What you hand back must match the records word for word, with no pictures.

_INPUT FOR THIS TASK:_
Content starts
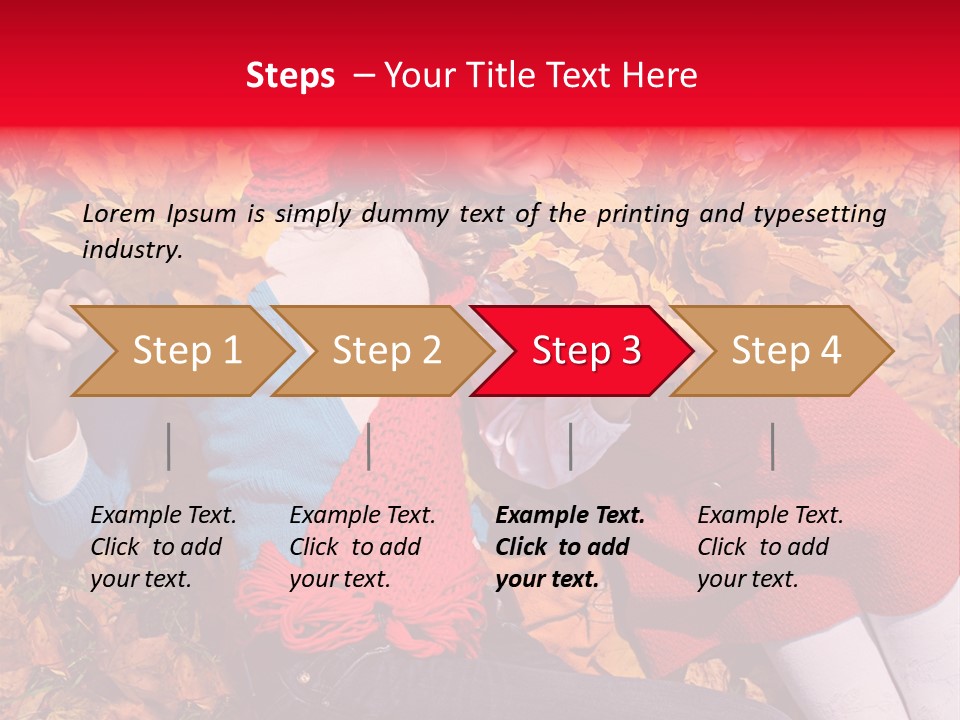 Cheerful Orange September PowerPoint Template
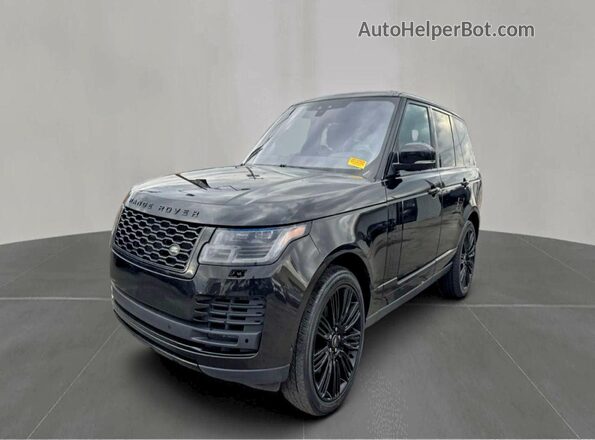 SALGS2RU8NA467056 2022 LAND ROVER RANGE Черный Задняя левая четверть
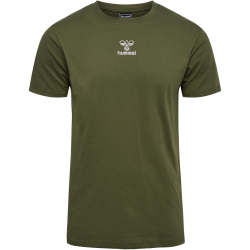 hummel Active Bee T-Shirt Herren 6453 - olive night S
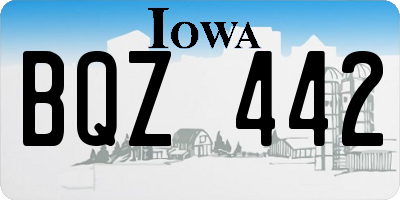 IA license plate BQZ442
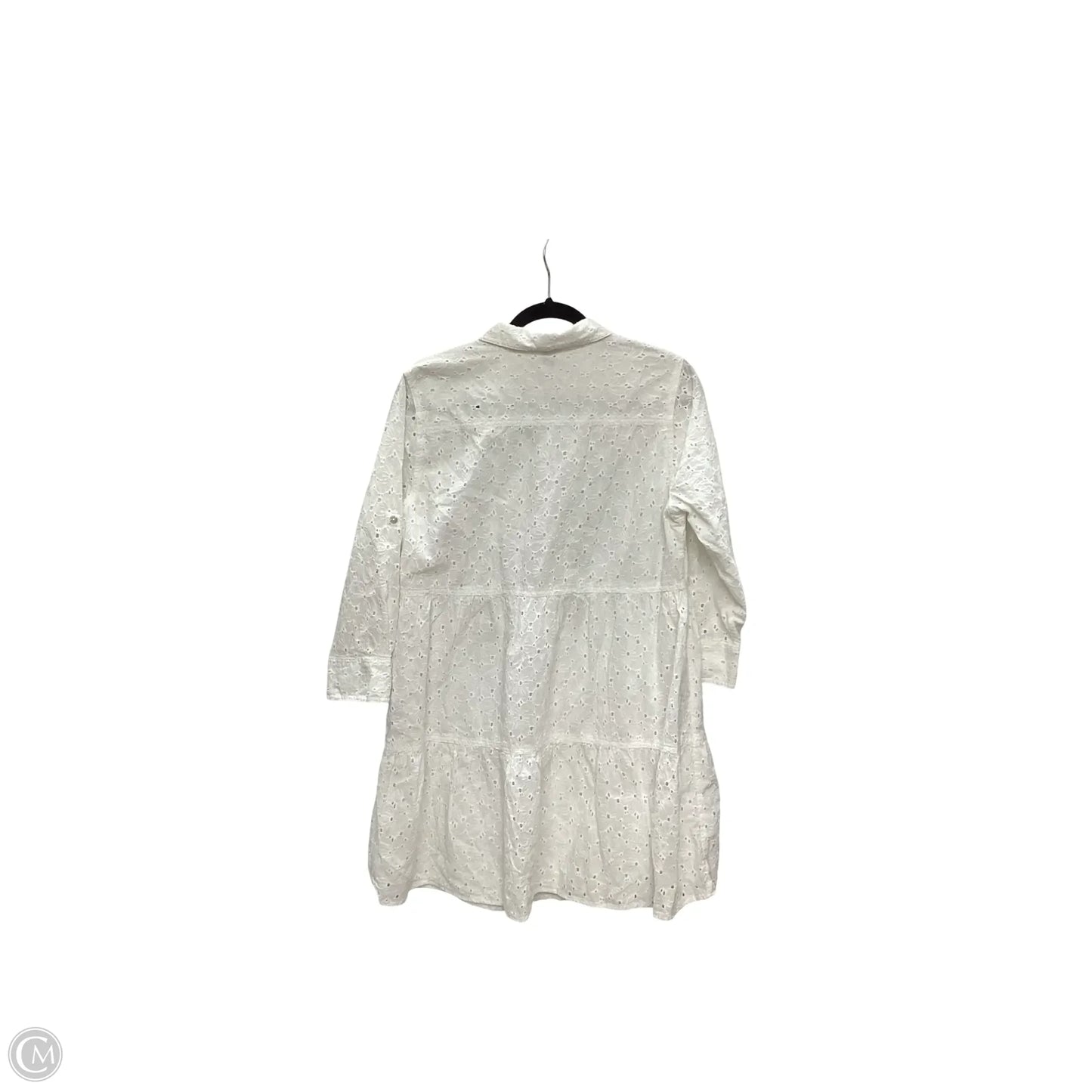 Dress Casual Short By Dash In White, Size: M
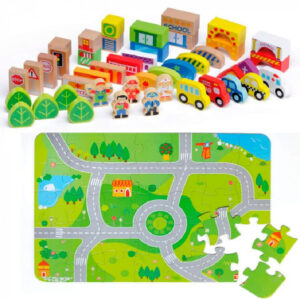 CIUDAD BLOQUES DE MADERA MOLTO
Content ends
_ANSWER TO THE PROBLEM:_
 Cheerful Orange September PowerPoint Template
 SALGS2RU8NA467056 2022 LAND ROVER RANGE Черный Задняя левая четверть
 hummel Active Bee T-Shirt Herren 6453 - olive night S
 IA license plate BQZ442
 Dress Casual Short By Dash In White, Size: M
 CIUDAD BLOQUES DE MADERA MOLTO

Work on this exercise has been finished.